When the IEBC headquarters receives and verifies a form from a polling station, the form is published on its website as an official copy. Voters, party representatives, the media, and aspirants can download and compare this data to their own copy from the polling station. They can also count votes to determine election winners before the IEBC releases the official results.
This compares with the public nature of the Bitcoin ledger, where anyone can query any Bitcoin transaction and view its address.
Once a voter signs in to a polling station using biometrics, the device sends an electronic signature to the IEBC servers, notifying them that the citizen has voted. While this solves the double voting problem, Bitcoin’s blockchain solves the double spending problem.
Votes are stored on the IEBC database in the voting system, and the user only needs to sign them. That is, every registered voter’s information is recorded, and they only visit the polling station on election day to sign that so and so are their preferred candidates. Bitcoins are stored on the ledger on the Bitcoin network, and you only use your private keys to sign that your bitcoins be moved to a specific public address.
To win the Kenyan presidential elections, one must receive 50% of the votes cast plus one. This means that if someone wanted to steal the election, they would have to manipulate data from 50% of the polling places plus one. This would require a significant investment in terms of resources, but it would ensure the security of the voting system.

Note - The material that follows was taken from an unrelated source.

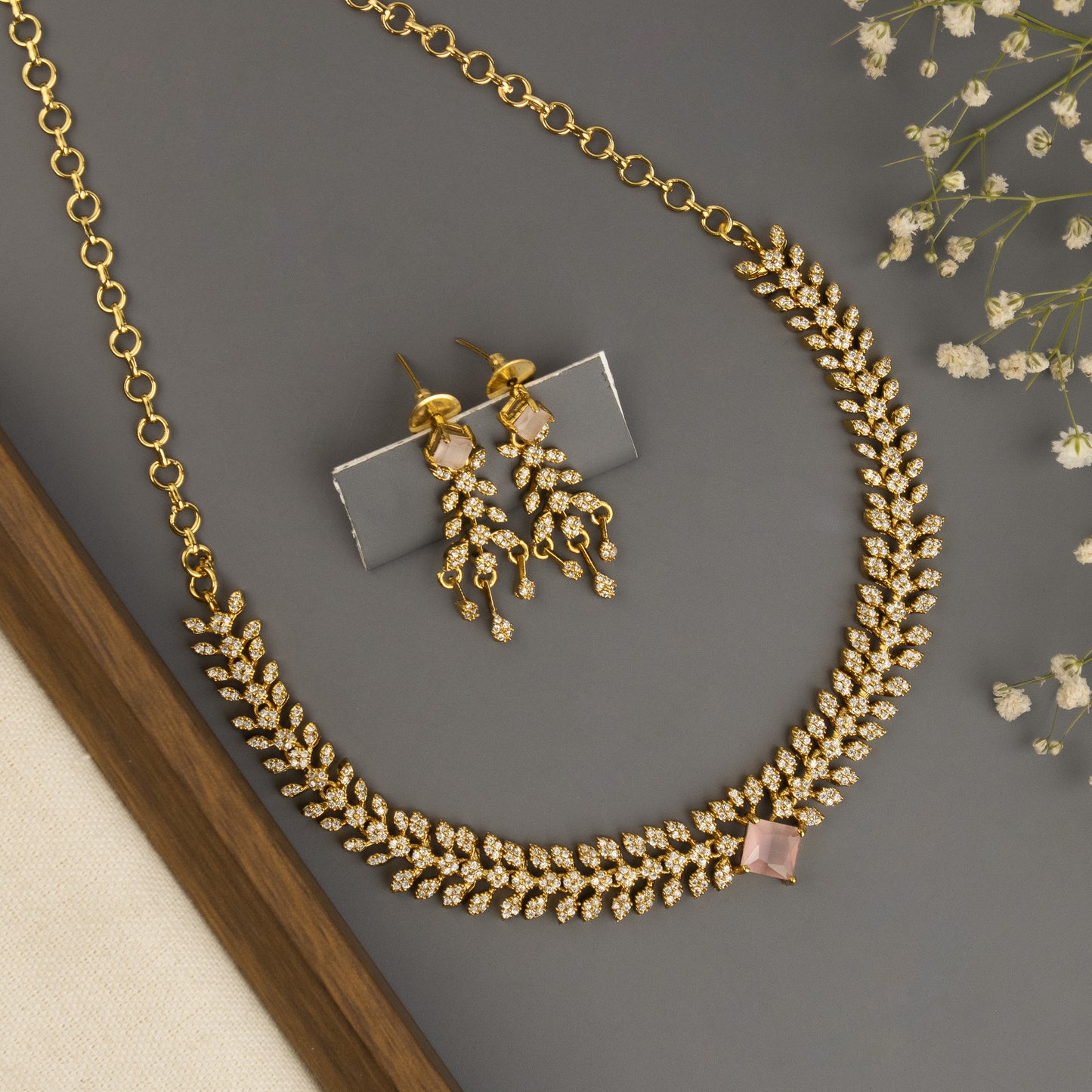 Necklace 337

If one or more people wanted to hack the Bitcoin network, they would need to control 50% of the nodes plus one. This would necessitate a massive collection of resources, firmly establishing Bitcoin as the world’s most secure monetary network.

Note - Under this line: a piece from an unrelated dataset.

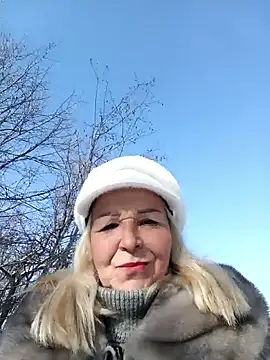 CassandraSandra44's Live XXX Chat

If one region went offline or the voting process was disrupted, other regions would still vote seamlessly, and the missing data would be appended once the bottleneck was handled. In Bitcoin, if some miners or users are offline, their coins are still on the chain and their transactions are appended to the blockchain once they get online.
IEBC designed the system to minimize trust and allow voters to verify all records, whereas Bitcoin’s infrastructure is designed to eliminate trust and allow users to verify. In Bitcoin, collective nodes are the single point of failure, just as collective polling stations are the single point of failure in the IEBC voting system.
On the Bitcoin network, once a transaction is signed, it is final, verifiable and cannot be amended or reversed. Similarly, once the votes cast are recorded and signed, they are final, verifiable (you can go and count the contents of the ballot box), and cannot be amended.
The difference between the two is that IEBC top officials can change voter registration details and transfer voters. There is no single administrator in Bitcoin who can move Bitcoin or change transactions.
Furthermore, the polling station biometric devices have the full register but can only allow in voters registered for that specific location. In Bitcoin, one’s transaction can be signed by any node on the network. This is probably an IEBC feature designed to ensure one doesn’t vote in a location they don’t live in.
The vote records are not kept in the voter registration ledger. The KIEMS device stores the voter ledger and scans signed ballot forms while the votes remain in their respective ballot boxes. The Bitcoin ledger, on the other hand, stores both the addresses and the Bitcoins.
While it is debatable whether the system designer was directly inspired by the Bitcoin network, the similar features are compelling to conclude that they were inspired by the Bitcoin blockchain. If you wanted a foolproof system with no single point of failure, where else would you look?
Disclosure: I own bitcoin and other cryptocurrencies.